Mortgages 101

Buying a home can be exciting but at the same time—stressful. With finances clear in mind, it is easy to feel intimidated. But don’t worry! We got you covered. Here are the basic mortgage plans you can choose from.

5 types of mortgage loans:
1. Conventional mortgages
2. Jumbo mortgages
3. Government-insured mortgages
4. Fixed-rate mortgages
5. Adjustable-rate mortgages

A conventional mortgage is is a home loan that’s not insured by the federal government. There are two types of conventional loans: conforming and non-conforming loans. A conforming loan simply means the loan amount falls within maximum limits set by Fannie Mae or Freddie Mac, government agencies that back most U.S. mortgages. On the other hand, loans that don’t meet these guidelines are considered non-conforming loans. Jumbo loans are the most common type of non-conforming loan. Generally, lenders require you to pay private mortgage insurance on many conventional loans when you put down less than 20 percent of the home’s purchase price.
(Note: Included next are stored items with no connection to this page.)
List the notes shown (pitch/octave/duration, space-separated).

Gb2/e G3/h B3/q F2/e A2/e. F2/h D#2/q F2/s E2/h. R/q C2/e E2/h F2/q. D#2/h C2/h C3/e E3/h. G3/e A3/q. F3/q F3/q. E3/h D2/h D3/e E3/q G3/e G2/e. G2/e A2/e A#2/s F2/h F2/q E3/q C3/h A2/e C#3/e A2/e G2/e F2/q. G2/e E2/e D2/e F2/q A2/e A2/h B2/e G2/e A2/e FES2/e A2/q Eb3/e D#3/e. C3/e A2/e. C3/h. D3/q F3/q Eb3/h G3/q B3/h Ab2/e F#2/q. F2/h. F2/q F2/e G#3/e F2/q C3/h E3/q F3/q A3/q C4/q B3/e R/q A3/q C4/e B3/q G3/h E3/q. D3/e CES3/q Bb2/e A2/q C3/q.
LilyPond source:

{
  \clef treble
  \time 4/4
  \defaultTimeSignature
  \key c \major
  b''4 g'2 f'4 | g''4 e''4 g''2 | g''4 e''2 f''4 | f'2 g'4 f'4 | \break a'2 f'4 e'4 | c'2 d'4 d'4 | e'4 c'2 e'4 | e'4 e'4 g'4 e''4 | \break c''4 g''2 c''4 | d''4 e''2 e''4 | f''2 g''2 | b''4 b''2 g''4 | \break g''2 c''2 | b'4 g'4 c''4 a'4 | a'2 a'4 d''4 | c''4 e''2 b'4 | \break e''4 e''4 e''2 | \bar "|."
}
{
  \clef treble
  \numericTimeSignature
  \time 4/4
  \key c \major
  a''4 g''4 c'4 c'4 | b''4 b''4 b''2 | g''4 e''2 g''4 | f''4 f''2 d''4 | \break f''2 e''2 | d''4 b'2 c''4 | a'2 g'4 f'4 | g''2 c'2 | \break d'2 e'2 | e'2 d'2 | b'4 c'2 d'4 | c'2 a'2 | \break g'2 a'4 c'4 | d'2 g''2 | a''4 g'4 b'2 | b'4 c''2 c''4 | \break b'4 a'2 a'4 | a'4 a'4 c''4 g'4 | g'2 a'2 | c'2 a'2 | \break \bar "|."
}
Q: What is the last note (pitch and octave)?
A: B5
Jumbo mortgages are conventional loans that have non-conforming loan limits. This means the home prices exceed federal loan limits. For 2018, the maximum conforming loan limit for single-family homes in most of the U.S. is $453,100, according to the Federal Housing Finance Agency. In certain high-cost areas, the price ceiling is $679,650. Jumbo loans are more common in higher-cost areas and generally require more in-depth documentation to qualify.
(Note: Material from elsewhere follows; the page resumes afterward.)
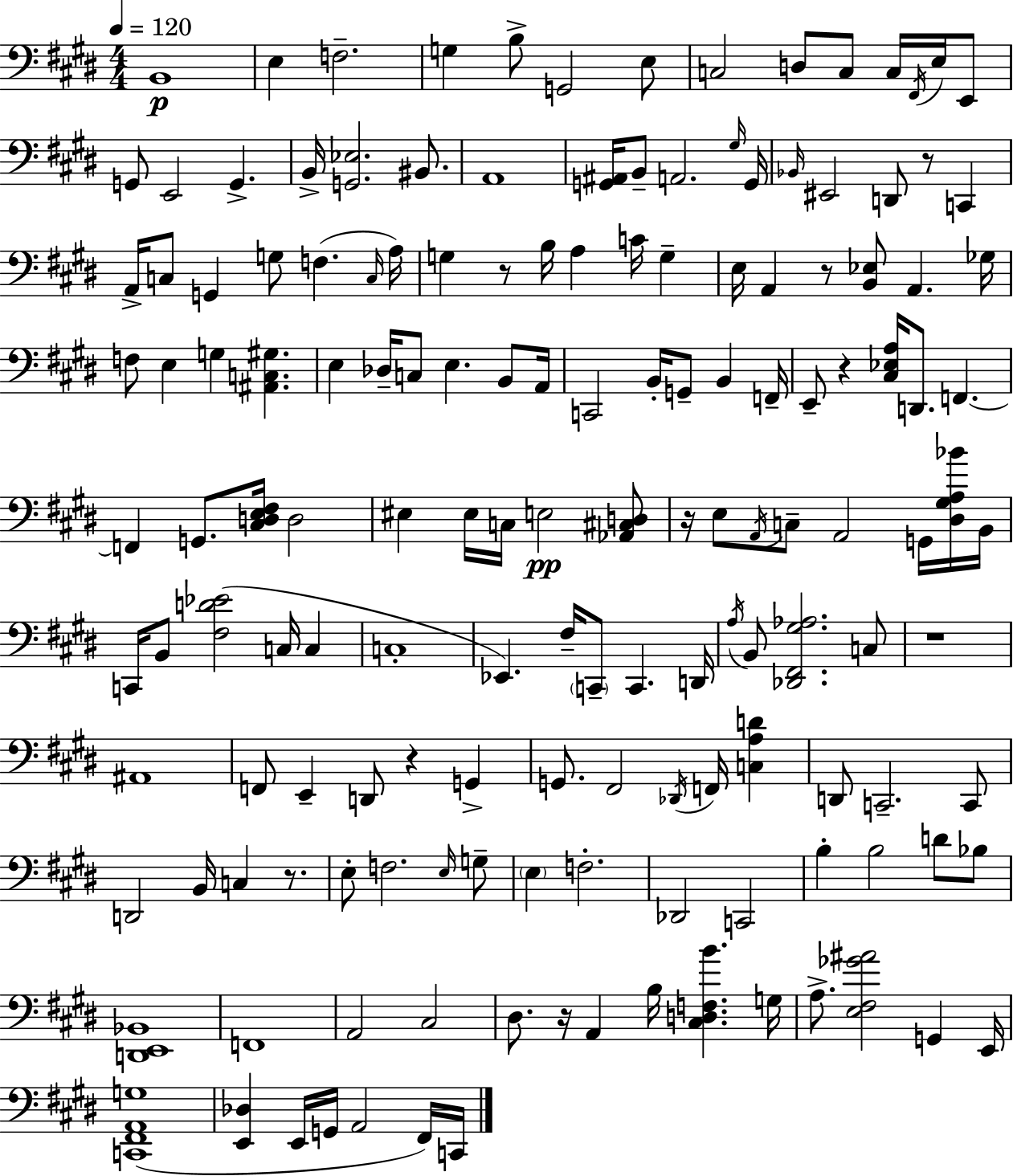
B2/w E3/q F3/h. G3/q B3/e G2/h E3/e C3/h D3/e C3/e C3/s F#2/s E3/s E2/e G2/e E2/h G2/q. B2/s [G2,Eb3]/h. BIS2/e. A2/w [G2,A#2]/s B2/e A2/h. G#3/s G2/s Bb2/s EIS2/h D2/e R/e C2/q A2/s C3/e G2/q G3/e F3/q. C3/s A3/s G3/q R/e B3/s A3/q C4/s G3/q E3/s A2/q R/e [B2,Eb3]/e A2/q. Gb3/s F3/e E3/q G3/q [A#2,C3,G#3]/q. E3/q Db3/s C3/e E3/q. B2/e A2/s C2/h B2/s G2/e B2/q F2/s E2/e R/q [C#3,Eb3,A3]/s D2/e. F2/q. F2/q G2/e. [C#3,D3,E3,F#3]/s D3/h EIS3/q EIS3/s C3/s E3/h [Ab2,C#3,D3]/e R/s E3/e A2/s C3/e A2/h G2/s [D#3,G#3,A3,Bb4]/s B2/s C2/s B2/e [F#3,D4,Eb4]/h C3/s C3/q C3/w Eb2/q. F#3/s C2/e C2/q. D2/s A3/s B2/e [Db2,F#2,G#3,Ab3]/h. C3/e R/w A#2/w F2/e E2/q D2/e R/q G2/q G2/e. F#2/h Db2/s F2/s [C3,A3,D4]/q D2/e C2/h. C2/e D2/h B2/s C3/q R/e. E3/e F3/h. E3/s G3/e E3/q F3/h. Db2/h C2/h B3/q B3/h D4/e Bb3/e [D2,E2,Bb2]/w F2/w A2/h C#3/h D#3/e. R/s A2/q B3/s [C#3,D3,F3,B4]/q. G3/s A3/e. [E3,F#3,Gb4,A#4]/h G2/q E2/s [C2,F#2,A2,G3]/w [E2,Db3]/q E2/s G2/s A2/h F#2/s C2/s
The U.S. government isn’t a mortgage lender, but it does play a role in helping more Americans become homeowners. Three government agencies back loans: the Federal Housing Administration (FHA loans), the U.S. Department of Agriculture (USDA loans) and the U.S. Department of Veterans Affairs (VA loans). Government-insured loans are ideal if you have low cash savings, less-than-stellar credit and can’t qualify for a conventional loan. VA loans tend to offer the best terms and most flexibility compared to other loan types for military borrowers.

Fixed-rate mortgages keep the same interest rate over the life of your loan, which means your monthly mortgage payment always stay the same. Fixed loans typically come in terms of 15 years, 20 years or 30 years. If you plan to stay in your home for at least seven to 10 years, a fixed-rate mortgage offers stability with your monthly payments.

Unlike the stability of fixed-rate loans, adjustable-rate mortgages (ARMs) have fluctuating interest rates that can go up or down with market conditions. Many ARM products have a fixed interest rate for a few years before the loan resets to a variable interest rate for the remainder of the term. Look for an ARM that caps how much your interest rate or monthly mortgage rate can increase so you don’t wind up in financial trouble when the loan resets.